Blechgepanzerte Klänge
Ursprünglich wollte Prokofjew für diesen Film authentische Musik aus dem Russland des 13. Jahrhunderts finden, doch endgültig entschloss er sich, keine historischen Vorlagen zu verwenden. Es wird niemand verwundern, dass er die deutschen Ordensritter, also die Aggressoren, deren Nachkommen in Kürze wieder solche werden sollten, durch markige, sozusagen blechgepanzerte Klänge charakterisierte, während er für die russischen Verteidiger üppige, klangvolle Melodik und volksliedhafte Rhythmen verwendete.

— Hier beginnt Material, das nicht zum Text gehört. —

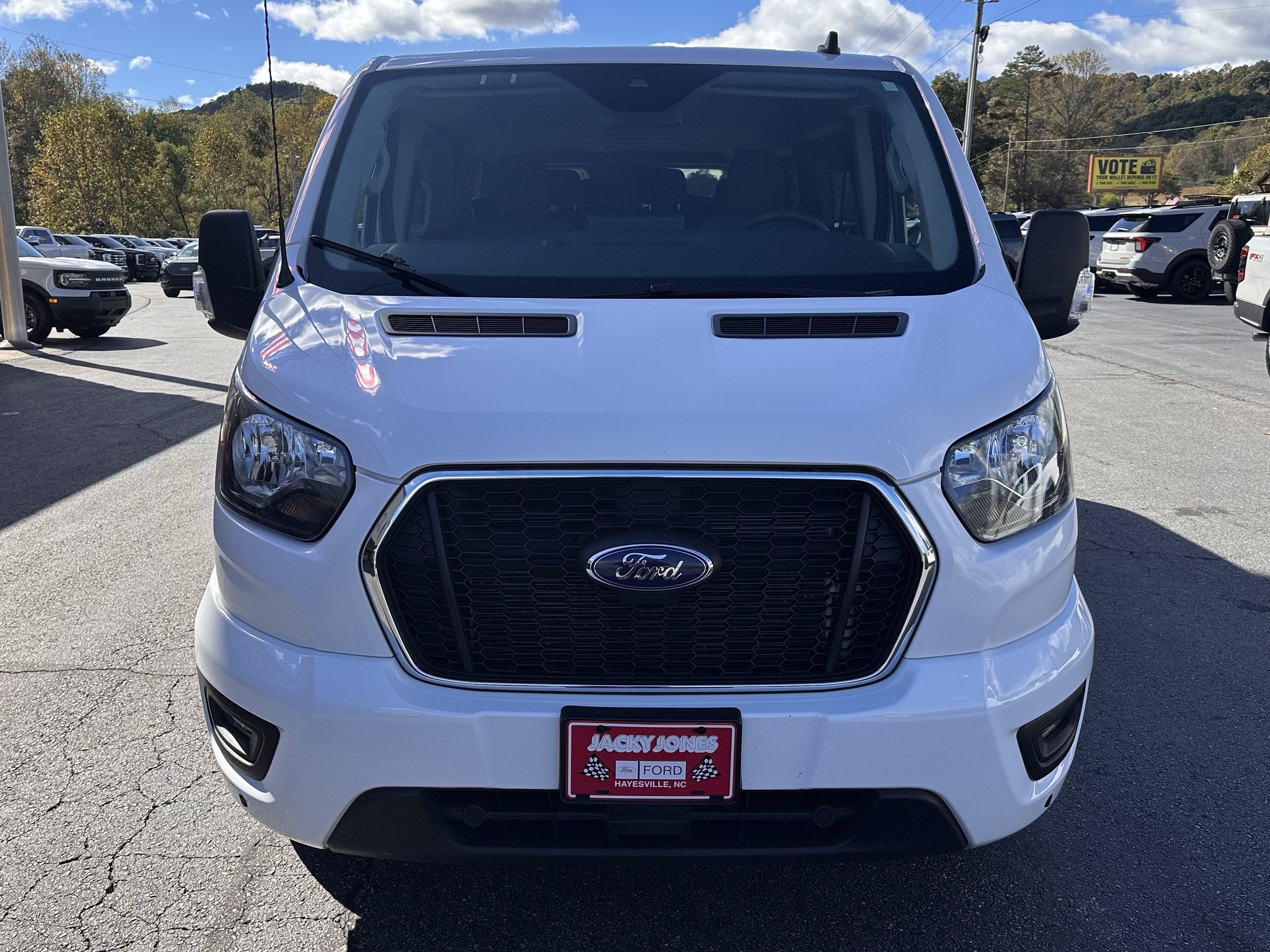 2024 Ford Transit Passenger Wagon XL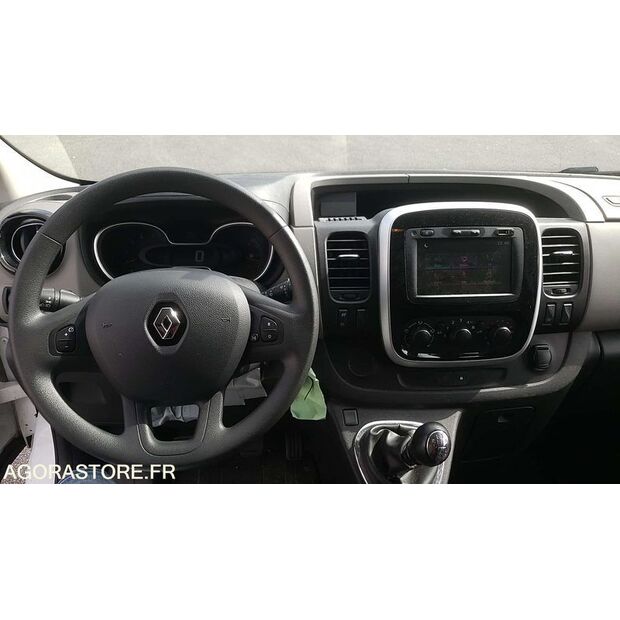 2019 Renault Trafic-48140757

Am 1. Dezember 1938 kam der Film in die Kinos, hatte Erfolg und bald - genau seit dem 22. Juni 1941 - also sieben Jahrhunderte nach der Schlacht auf dem Eis, waren wieder Deutsche, die Aggressoren der Gegenwart auf dem Weg nach Moskau. Im Jahr danach bat Eisenstein Prokofjew erneut um eine Zusammenarbeit bei seinem nächsten Filmprojekt. Das Thema: "Ivan der Schreckliche", eine historische Figur, die Stalin sehr bewundert hat. Vier Jahre zog sich die Arbeit zu diesem dreiteiligen Projekt hin, der Krieg war schon lange beendet, da starb Eisenstein plötzlich an einem Herzinfarkt.
Posthume konzertante Fassung
Auch die Arbeit Prokofjews an der Partitur wurde mehrfach unterbrochen, und nach dem Tode Eisensteins hat auch er nicht mehr für diesen Film gearbeitet. Daher existiert weder eine originale Kantate wie von "Alexander Newskij" und auch keine Orchestersuite.
Einem posthumen Bearbeiter - Abram Stasevich - verdanken wir dennoch eine konzertante Fassung der vorhandenen, durchaus umfangreichen Filmmusik Prokofjews zu "Ivan der Schreckliche", die mehrfach - etwa von Riccardo Muti und von Valery Gergiev - im Plattenstudio produziert wurde.